#### [WORK REQUIRED]
When the line containing "fig 1. A gorgeous" is found in the data below, give it again along with every later line, exactly; drop the pictures.
○ ○ ○ ○ ○ ○ ○
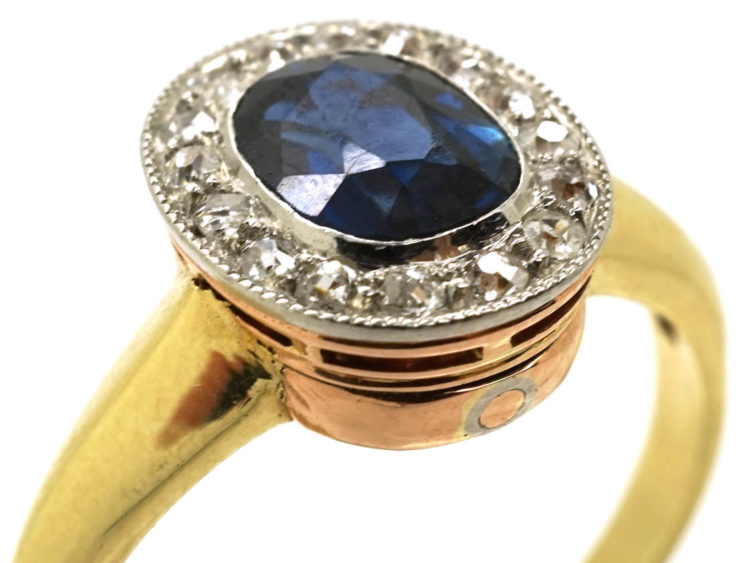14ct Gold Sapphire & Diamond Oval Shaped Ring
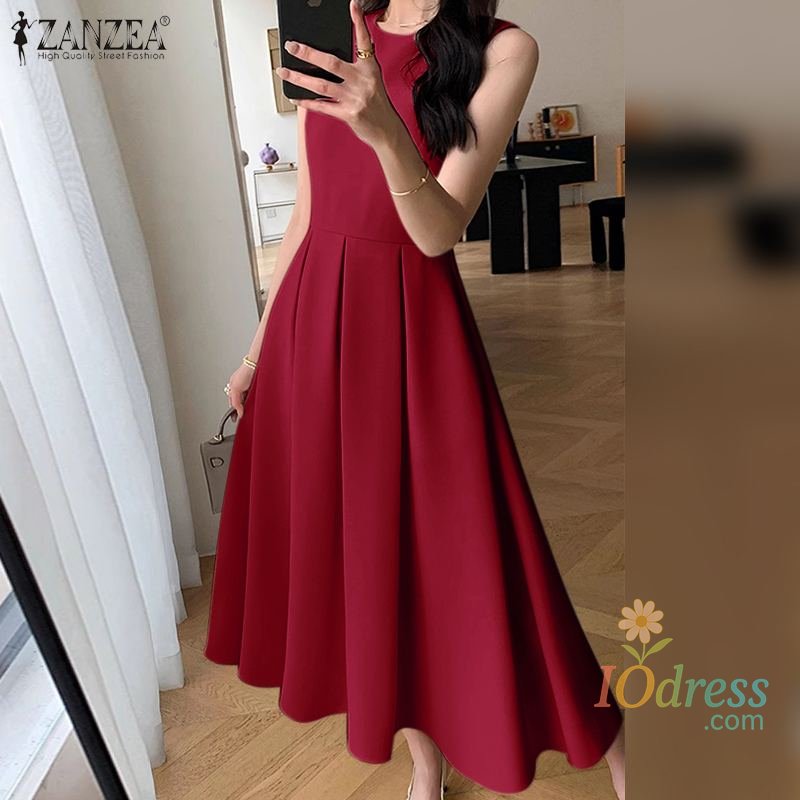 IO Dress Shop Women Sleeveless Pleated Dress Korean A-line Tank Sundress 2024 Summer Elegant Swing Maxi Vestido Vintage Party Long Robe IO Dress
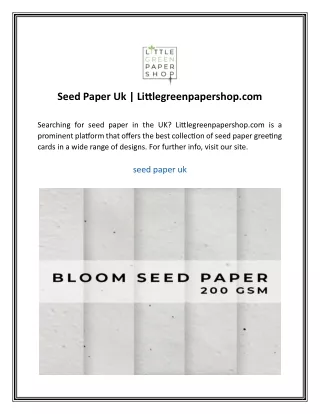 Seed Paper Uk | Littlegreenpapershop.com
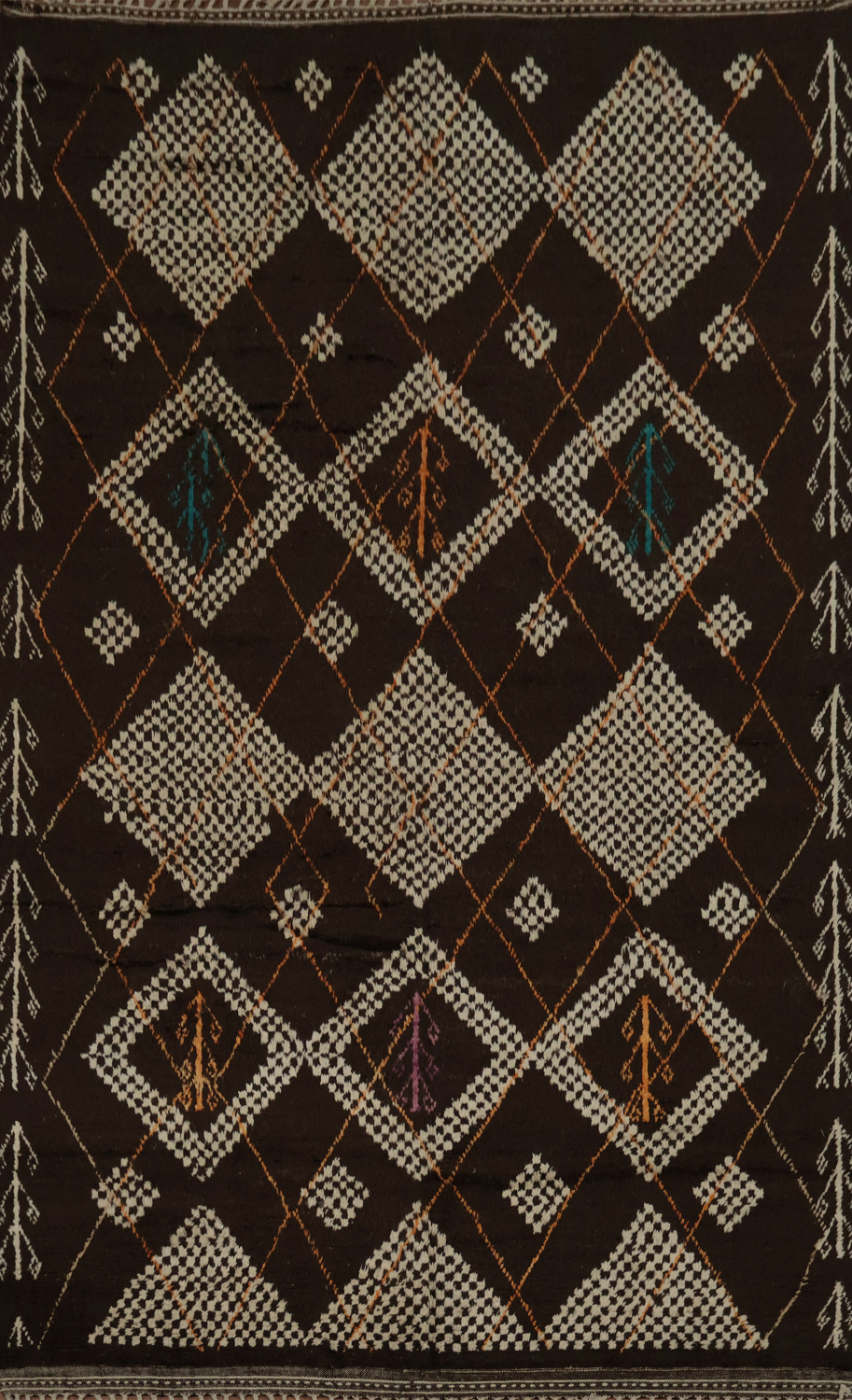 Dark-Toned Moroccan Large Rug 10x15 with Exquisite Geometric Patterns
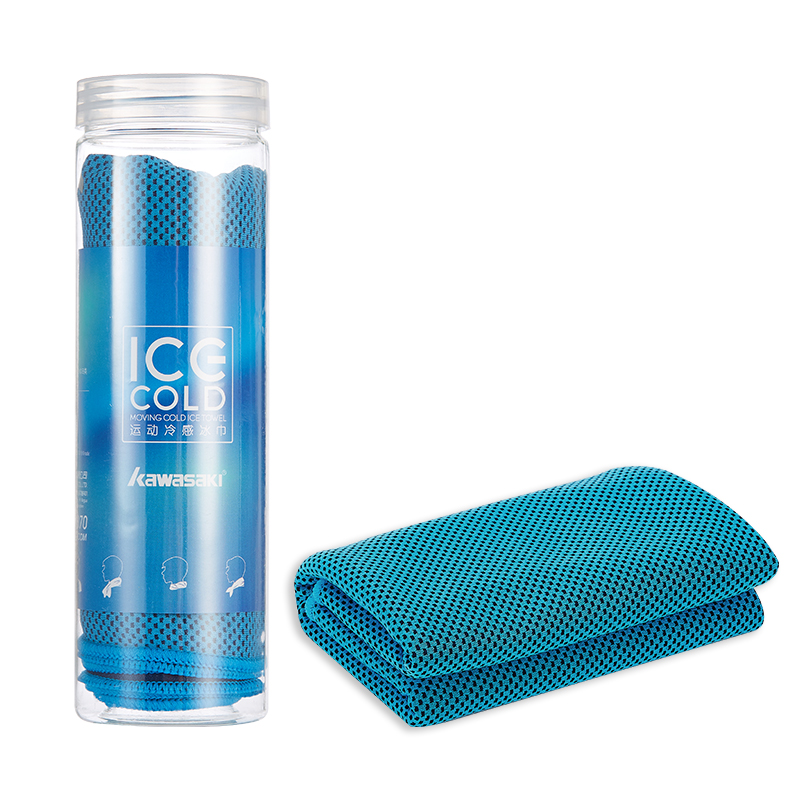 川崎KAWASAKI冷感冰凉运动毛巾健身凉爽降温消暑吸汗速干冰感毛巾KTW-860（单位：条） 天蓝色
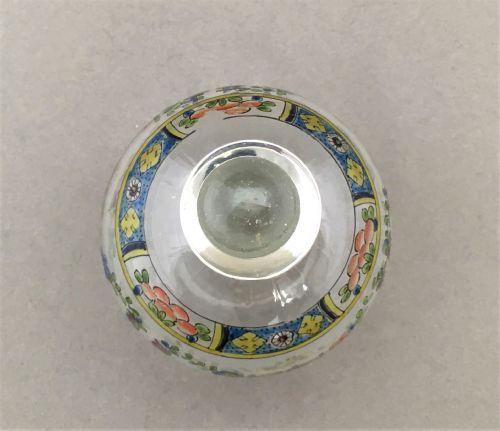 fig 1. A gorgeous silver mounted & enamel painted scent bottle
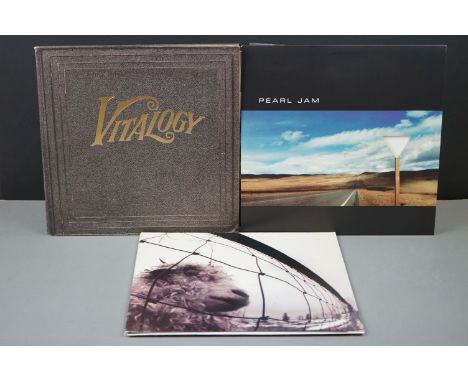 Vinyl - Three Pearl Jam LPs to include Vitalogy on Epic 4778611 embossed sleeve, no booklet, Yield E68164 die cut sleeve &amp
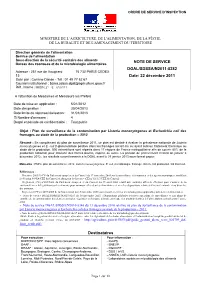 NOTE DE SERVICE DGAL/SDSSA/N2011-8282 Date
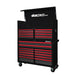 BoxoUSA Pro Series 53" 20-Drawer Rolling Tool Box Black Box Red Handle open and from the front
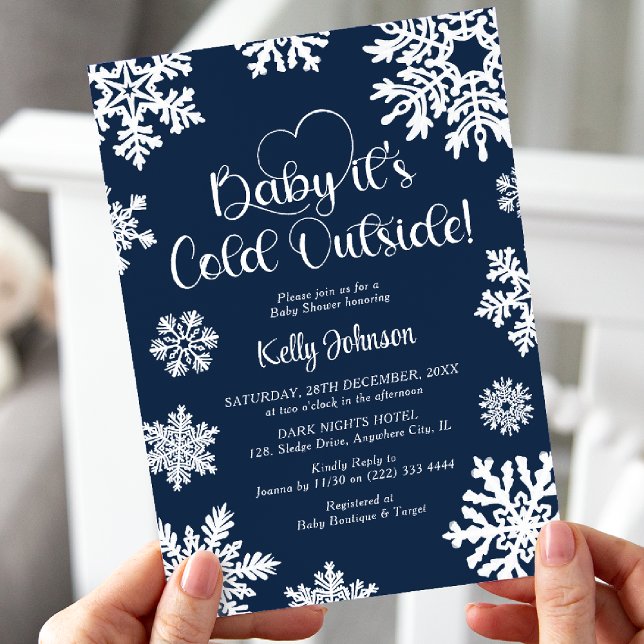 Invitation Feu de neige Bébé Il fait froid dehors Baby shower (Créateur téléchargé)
○ ○ ○ ○ ○ ○ ○
#### [TASK RESPONSE]
 fig 1. A gorgeous silver mounted & enamel painted scent bottle
 Vinyl - Three Pearl Jam LPs to include Vitalogy on Epic 4778611 embossed sleeve, no booklet, Yield E68164 die cut sleeve &amp
 NOTE DE SERVICE DGAL/SDSSA/N2011-8282 Date
 BoxoUSA Pro Series 53" 20-Drawer Rolling Tool Box Black Box Red Handle open and from the front
 Invitation Feu de neige Bébé Il fait froid dehors Baby shower (Créateur téléchargé)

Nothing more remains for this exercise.